I will reiterate my last sentence: in most cases the application, and not one of its components, should be responsible for application-wide error handling and reporting policy. In particular, it means that if the application registers a filter for unhandled exceptions, nobody else should override it by registering its own filter. How can we achieve it? I don't know a 100% reliable solution, but there are some good opportunities. Lets discuss them.

It's obvious that if we want to make sure that our filter is always registered, we should prevent other parties from registering their filters. API hooking looks like a possible solution – we can hook SetUnhandledExceptionFilter function and reject all attempts to use it after we have registered our filter.

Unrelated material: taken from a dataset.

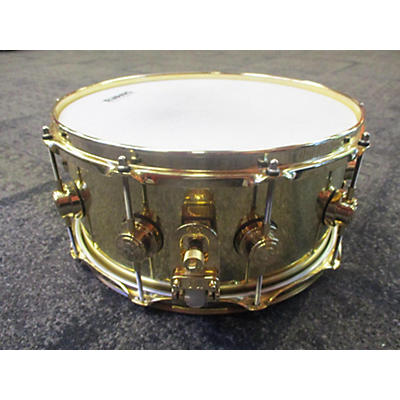 DW Used DW 6.5X14 COLLECTOR'S SERIES Polished Brass With Gold Hardware Drum Gold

Nowadays, there are two main approaches to API hooking:

Import Address Table (IAT) hooking
Detours-like hooking

IAT approach has a problem which makes it unreliable – if the caller obtained the address of the target function (SetUnhandledExceptionFilter in our case) using GetProcAddress function, the call will not go through IAT, and our hook function will not be called.

Detours-like hooking relies on patching the beginning of the target function itself, and therefore it is more reliable – it will not miss calls that can be missed by IAT hooks. The problem with Detours is that it is not publicly available (needs license for commercial use), and implementing a similar, but home grown solution just for hooking SetUnhandledExceptionFilter is not always feasible.

There is one more approach possible, and it is much easier to implement than the previous two. After we have registered our own filter, we can patch the beginning of SetUnhandledExceptionFilter function so that it will not be able to register filters anymore. For example, the following sequence of assembly instructions can be used:

xor eax, eax
ret 0x4

EnforceFilter example demonstrates this approach.

Sample code

Complete sample code for the article can be found here.

Conclusion

Custom filters for unhandled exceptions are difficult to debug because they are not called when the application is running under debugger. But if we know how the operating system processes unhandled exceptions, we can change the default behavior and make our filter debuggable.

If our application consists of a large set of components, it can be difficult to implement a reliable error handling policy, because multiple components may want to be notified about unhandled exceptions. But if we know how the custom filters for unhahdled exceptions are registered, we can ensure that our filter always prevails.